Les gouvernements qui se sont succédé de 1997 à la crise financière ont bénéficié d'une période d'expansion relative. Certes, on trouvait que le prix du pétrole atteignait parfois un niveau un peu élevé, on commençait à se préoccuper du changement climatique et on voulait se détacher du charbon le plus rapidement possible, mais on était avant tout soucieux de maintenir notre production, en particulier nucléaire, et de préserver sa fiabilité. On importait du gaz et du pétrole pour les usages énergétiques autres que la production d'électricité. Je n'ai jamais eu le sentiment, lorsque j'étais administrateur général du CEA, d'avoir beaucoup de pression à ce sujet. Cela étant, dans nos services, nous y réfléchissions et nous élaborions des projections correspondant à tel ou tel scénario, par exemple un embargo sur le pétrole et le gaz, mais nous n'étions pas les seuls. EDF, la DGEMP, l'Agence internationale de l'énergie atomique (AIEA), pour ne citer qu'eux, établissaient aussi des prévisions. Toutefois, c'étaient plus des exercices académiques qu'autre chose. À cet égard, les choses ont complètement changé.

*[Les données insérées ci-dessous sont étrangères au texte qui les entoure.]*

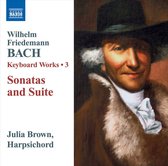 Julia Brown - Bach, W.F.; Sonatas And Suite (CD)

Le rapport Pellat-Charpin-Dessus de 2000 avait comparé le coût du kilowattheure (kWh) selon qu'il était d'origine nucléaire ou qu'il provenait d'autres sources de production, et avait conclu, sur cette base, à la pertinence du nucléaire. Cela étant, ses auteurs n'avaient pas prévu la baisse du coût des renouvelables. Mais personne ne l'avait anticipée. En 2002-2003, le prix du kilowattheure d'origine éolienne ou solaire était beaucoup plus élevé que celui issu du charbon ou du nucléaire. Cela a beaucoup changé. L'évolution est apparue clairement entre 2012 et 2014, et elle n'est pas arrivée à son terme : on va connaître des progrès très importants dans le domaine solaire, en particulier en termes d'efficacité énergétique.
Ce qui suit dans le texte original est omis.